### GOAL OF THE EXERCISE
Only the lines below, from the one with "2-Tier Modern Storage" through the one with "Stainless Steel Nylon", are to be written out, exactly.

RECORD EXTRACTS: Begin

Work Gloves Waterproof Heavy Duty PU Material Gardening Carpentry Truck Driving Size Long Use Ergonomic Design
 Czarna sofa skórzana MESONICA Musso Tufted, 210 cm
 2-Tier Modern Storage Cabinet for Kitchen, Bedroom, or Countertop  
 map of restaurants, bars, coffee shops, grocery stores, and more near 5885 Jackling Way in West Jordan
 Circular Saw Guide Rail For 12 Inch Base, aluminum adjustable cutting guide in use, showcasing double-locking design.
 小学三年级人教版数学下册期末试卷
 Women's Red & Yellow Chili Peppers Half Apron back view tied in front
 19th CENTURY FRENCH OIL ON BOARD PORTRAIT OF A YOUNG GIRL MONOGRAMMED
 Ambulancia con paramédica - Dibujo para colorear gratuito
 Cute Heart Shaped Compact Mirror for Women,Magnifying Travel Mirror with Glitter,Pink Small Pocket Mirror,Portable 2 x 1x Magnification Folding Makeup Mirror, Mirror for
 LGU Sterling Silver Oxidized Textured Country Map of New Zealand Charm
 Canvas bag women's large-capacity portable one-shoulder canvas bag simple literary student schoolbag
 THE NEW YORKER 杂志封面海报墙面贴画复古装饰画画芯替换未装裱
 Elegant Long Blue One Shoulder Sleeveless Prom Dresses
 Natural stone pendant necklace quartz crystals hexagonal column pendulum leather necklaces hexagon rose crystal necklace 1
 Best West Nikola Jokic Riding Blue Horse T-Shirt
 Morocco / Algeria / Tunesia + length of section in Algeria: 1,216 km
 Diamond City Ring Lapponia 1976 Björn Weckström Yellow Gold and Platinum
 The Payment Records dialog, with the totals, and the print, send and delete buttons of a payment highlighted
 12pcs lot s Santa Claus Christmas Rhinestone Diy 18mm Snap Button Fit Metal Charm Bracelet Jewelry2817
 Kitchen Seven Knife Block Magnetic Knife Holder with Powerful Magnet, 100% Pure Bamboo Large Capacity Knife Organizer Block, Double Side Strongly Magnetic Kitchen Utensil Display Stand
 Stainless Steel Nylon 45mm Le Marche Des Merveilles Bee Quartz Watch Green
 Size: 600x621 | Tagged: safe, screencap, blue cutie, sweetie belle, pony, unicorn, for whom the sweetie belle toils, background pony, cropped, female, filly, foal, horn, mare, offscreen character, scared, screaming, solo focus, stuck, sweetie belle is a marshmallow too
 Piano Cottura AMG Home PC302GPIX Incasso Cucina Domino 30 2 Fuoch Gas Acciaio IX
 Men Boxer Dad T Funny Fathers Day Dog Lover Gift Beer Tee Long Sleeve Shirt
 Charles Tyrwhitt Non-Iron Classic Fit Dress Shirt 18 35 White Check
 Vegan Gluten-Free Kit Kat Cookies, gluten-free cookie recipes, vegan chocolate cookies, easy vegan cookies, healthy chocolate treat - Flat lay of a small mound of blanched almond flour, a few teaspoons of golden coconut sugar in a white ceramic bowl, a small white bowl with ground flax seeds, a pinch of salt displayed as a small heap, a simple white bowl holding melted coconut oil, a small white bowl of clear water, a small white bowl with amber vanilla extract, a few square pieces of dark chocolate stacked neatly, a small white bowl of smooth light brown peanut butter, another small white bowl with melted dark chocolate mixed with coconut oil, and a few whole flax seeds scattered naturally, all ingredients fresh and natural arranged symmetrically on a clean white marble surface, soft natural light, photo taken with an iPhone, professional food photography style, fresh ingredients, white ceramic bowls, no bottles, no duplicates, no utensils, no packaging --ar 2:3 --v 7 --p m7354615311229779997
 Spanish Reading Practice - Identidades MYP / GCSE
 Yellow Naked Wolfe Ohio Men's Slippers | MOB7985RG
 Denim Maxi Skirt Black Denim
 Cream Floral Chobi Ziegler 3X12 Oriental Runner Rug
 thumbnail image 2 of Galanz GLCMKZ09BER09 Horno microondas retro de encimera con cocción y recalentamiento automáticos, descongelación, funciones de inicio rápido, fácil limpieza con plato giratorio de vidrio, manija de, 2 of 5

RECORD EXTRACTS: End

### RESULT OF THE TASK
 2-Tier Modern Storage Cabinet for Kitchen, Bedroom, or Countertop  
 map of restaurants, bars, coffee shops, grocery stores, and more near 5885 Jackling Way in West Jordan
 Circular Saw Guide Rail For 12 Inch Base, aluminum adjustable cutting guide in use, showcasing double-locking design.
 小学三年级人教版数学下册期末试卷
 Women's Red & Yellow Chili Peppers Half Apron back view tied in front
 19th CENTURY FRENCH OIL ON BOARD PORTRAIT OF A YOUNG GIRL MONOGRAMMED
 Ambulancia con paramédica - Dibujo para colorear gratuito
 Cute Heart Shaped Compact Mirror for Women,Magnifying Travel Mirror with Glitter,Pink Small Pocket Mirror,Portable 2 x 1x Magnification Folding Makeup Mirror, Mirror for
 LGU Sterling Silver Oxidized Textured Country Map of New Zealand Charm
 Canvas bag women's large-capacity portable one-shoulder canvas bag simple literary student schoolbag
 THE NEW YORKER 杂志封面海报墙面贴画复古装饰画画芯替换未装裱
 Elegant Long Blue One Shoulder Sleeveless Prom Dresses
 Natural stone pendant necklace quartz crystals hexagonal column pendulum leather necklaces hexagon rose crystal necklace 1
 Best West Nikola Jokic Riding Blue Horse T-Shirt
 Morocco / Algeria / Tunesia + length of section in Algeria: 1,216 km
 Diamond City Ring Lapponia 1976 Björn Weckström Yellow Gold and Platinum
 The Payment Records dialog, with the totals, and the print, send and delete buttons of a payment highlighted
 12pcs lot s Santa Claus Christmas Rhinestone Diy 18mm Snap Button Fit Metal Charm Bracelet Jewelry2817
 Kitchen Seven Knife Block Magnetic Knife Holder with Powerful Magnet, 100% Pure Bamboo Large Capacity Knife Organizer Block, Double Side Strongly Magnetic Kitchen Utensil Display Stand
 Stainless Steel Nylon 45mm Le Marche Des Merveilles Bee Quartz Watch Green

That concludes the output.